→ Exercise details: Would you please transcribe the listing exactly, with no images?

→ Data extract:
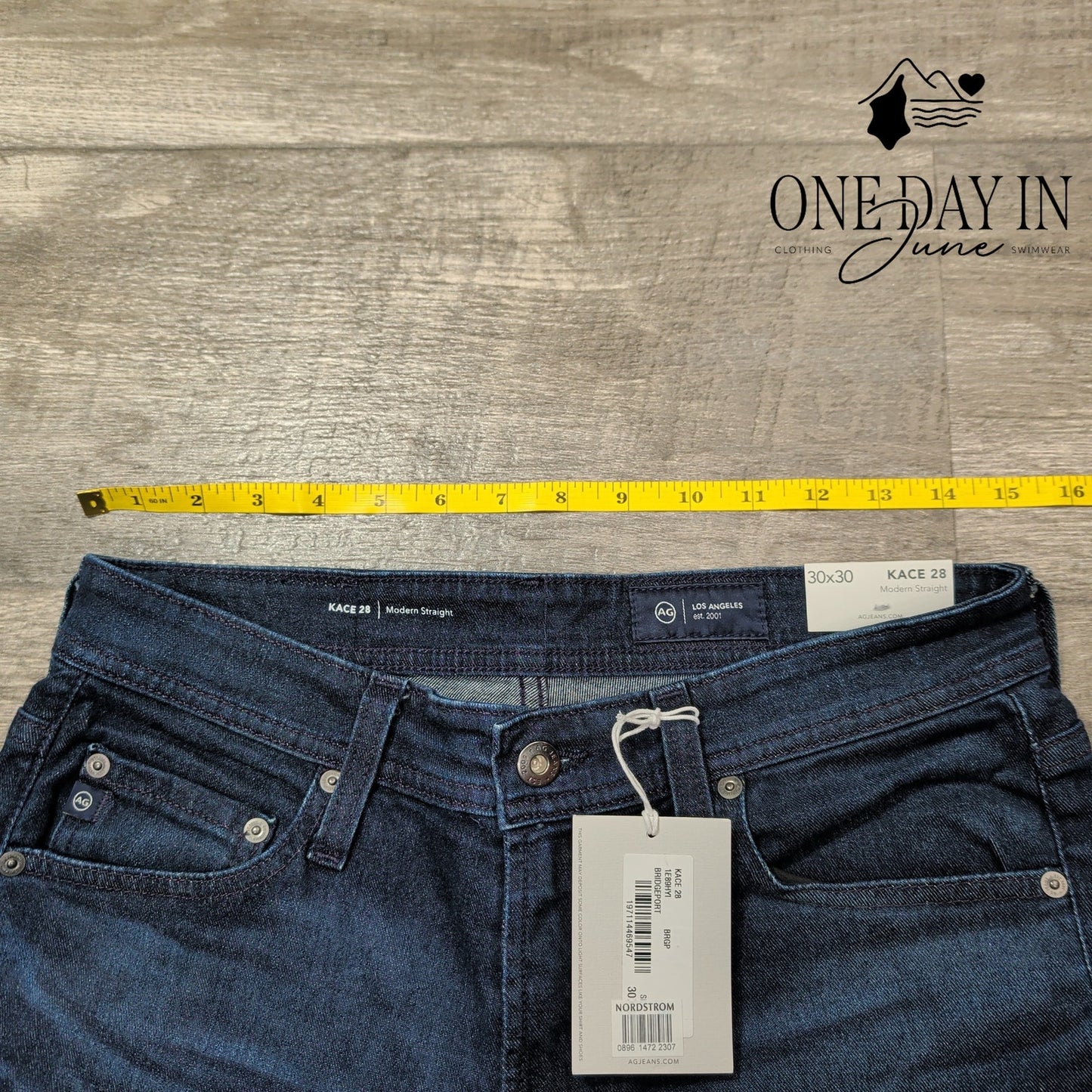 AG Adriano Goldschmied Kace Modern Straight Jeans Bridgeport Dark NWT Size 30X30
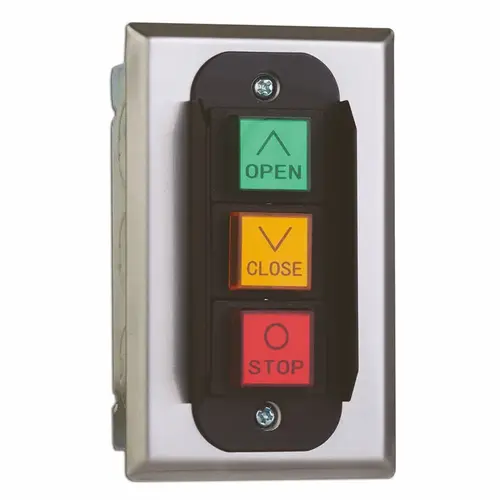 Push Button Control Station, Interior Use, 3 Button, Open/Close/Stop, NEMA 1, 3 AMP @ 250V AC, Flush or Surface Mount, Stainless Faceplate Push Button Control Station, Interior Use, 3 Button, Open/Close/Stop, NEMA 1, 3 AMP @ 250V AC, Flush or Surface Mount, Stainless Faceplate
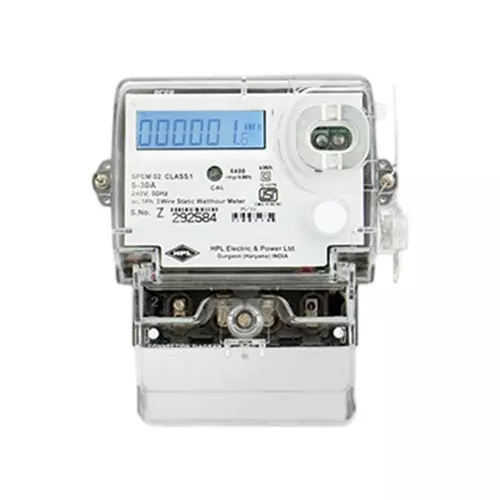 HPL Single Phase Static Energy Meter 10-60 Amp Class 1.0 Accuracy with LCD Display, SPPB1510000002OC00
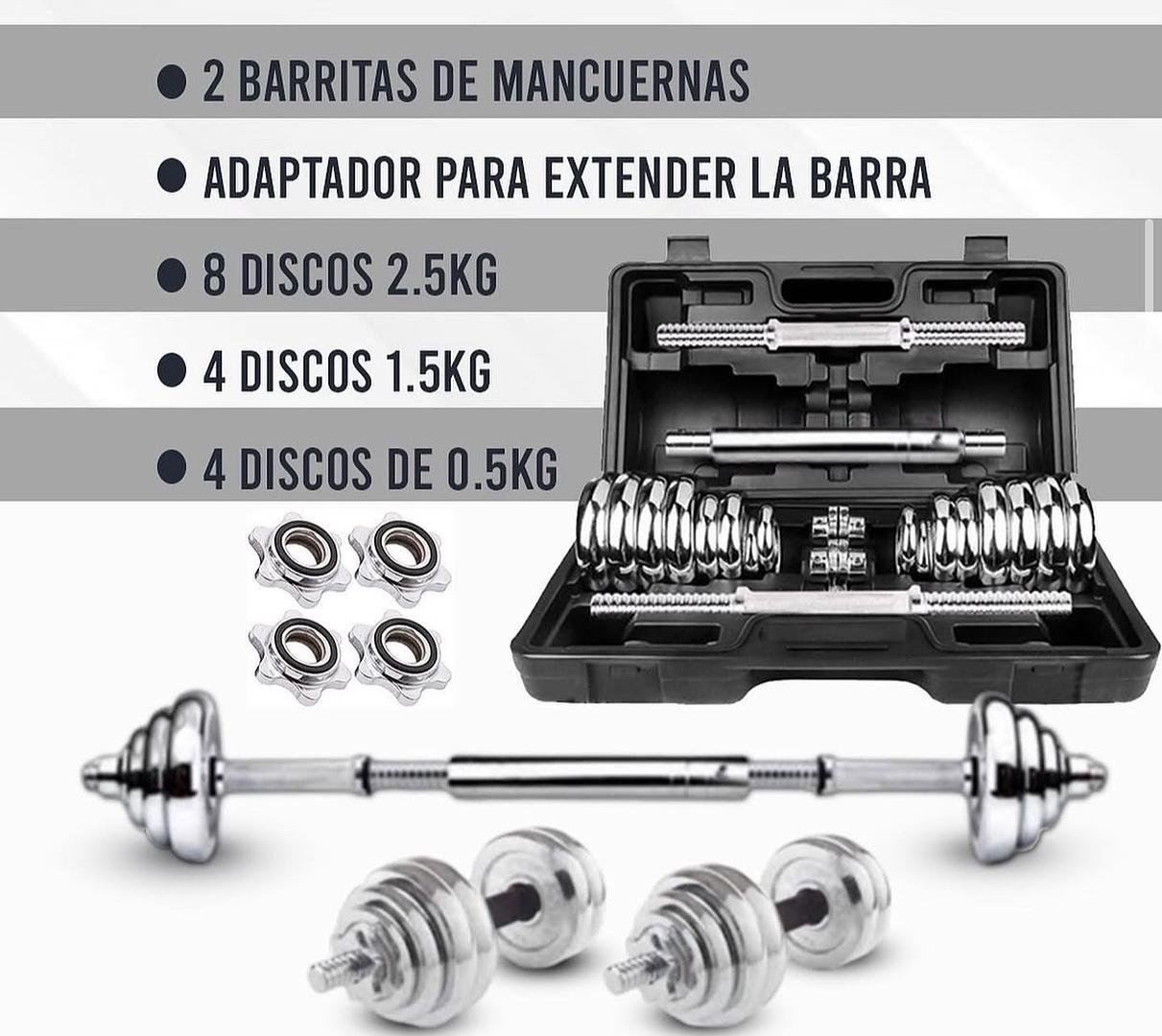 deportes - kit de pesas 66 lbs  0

→ Answer to the exercise:
 AG Adriano Goldschmied Kace Modern Straight Jeans Bridgeport Dark NWT Size 30X30
 Push Button Control Station, Interior Use, 3 Button, Open/Close/Stop, NEMA 1, 3 AMP @ 250V AC, Flush or Surface Mount, Stainless Faceplate Push Button Control Station, Interior Use, 3 Button, Open/Close/Stop, NEMA 1, 3 AMP @ 250V AC, Flush or Surface Mount, Stainless Faceplate
 HPL Single Phase Static Energy Meter 10-60 Amp Class 1.0 Accuracy with LCD Display, SPPB1510000002OC00
 deportes - kit de pesas 66 lbs  0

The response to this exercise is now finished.